Zo’n dertigduizend zeeschepen verslepen dit jaar ongeveer 430 miljoen ton lading van en naar de Rotterdamse haven, ruim een kwart ervan in containers. Dat is bijna 27 duizend kilo per Nederlander. Binnenvaartschepen, treinen, vrachtwagens en een enkele pijpleiding zorgen voor verder vervoer. Over twintig jaar willen de havenbaronnen twee à drie keer zo veel lading door deze megahaven laten stromen. Kan dat wel?

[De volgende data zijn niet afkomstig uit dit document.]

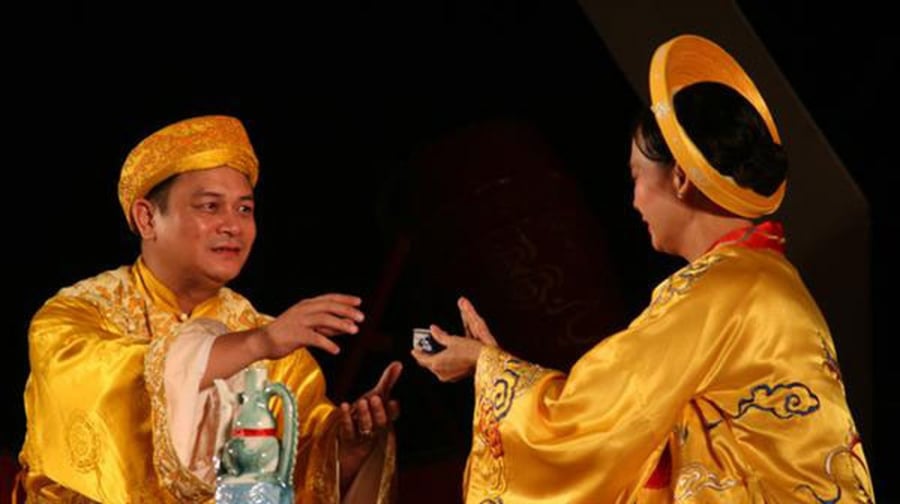 NSND Anh Tú cháy hết mình trên sân khấu.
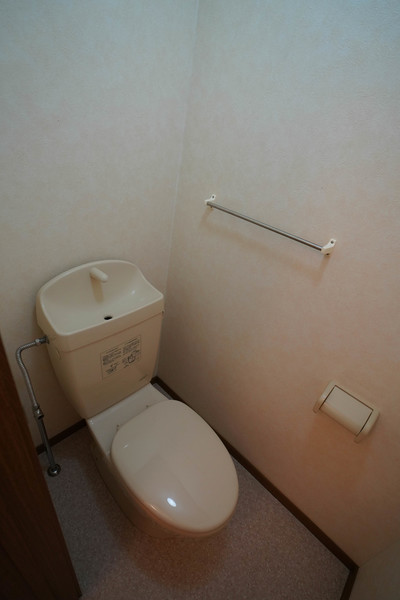 トイレ　同じ敷地内の別の部屋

‘In ieder geval niet zomaar’, zegt Rudy Negenborn (31). ‘De haven zelf zal het wel aan kunnen, maar de weg is nu al vol, en het spoor bijna. De binnenvaart kan nog wél flink meer hebben, zelfs met het huidige aantal schepen, en is ook nog het goedkoopst en milieuvriendelijkst. Alleen, als er niet slimmer gewerkt wordt, zal het aantal knelpunten toenemen. Een probleem op één plek heeft al snel gevolgen voor de rest van de keten. Als een zeeschip bijvoorbeeld te laat binnenkomt, moeten de binnenvaartschepen daarop wachten. Ze liggen regelmatig tientallen uren niets te doen. Ook zeeschepen zie je trouwens vaak voor de kust liggen. Die wachten dan tot ze aan de beurt zijn.’
Negenborn is universitair docent en onderzoeker aan de TU Delft. Hij bestudeert grootschalige transportstromen en wil daar graag iets van laten zien. Rotterdam is met afstand de grootste haven van Europa en staat - met verder uitsluitend Aziatische havens - in de wereldwijde top tien. En heeft binnenkort natuurlijk de Tweede Maasvlakte, het nieuwe industriegebied dat in zee wordt aangelegd om een nog veel grotere goederenstroom mogelijk te maken.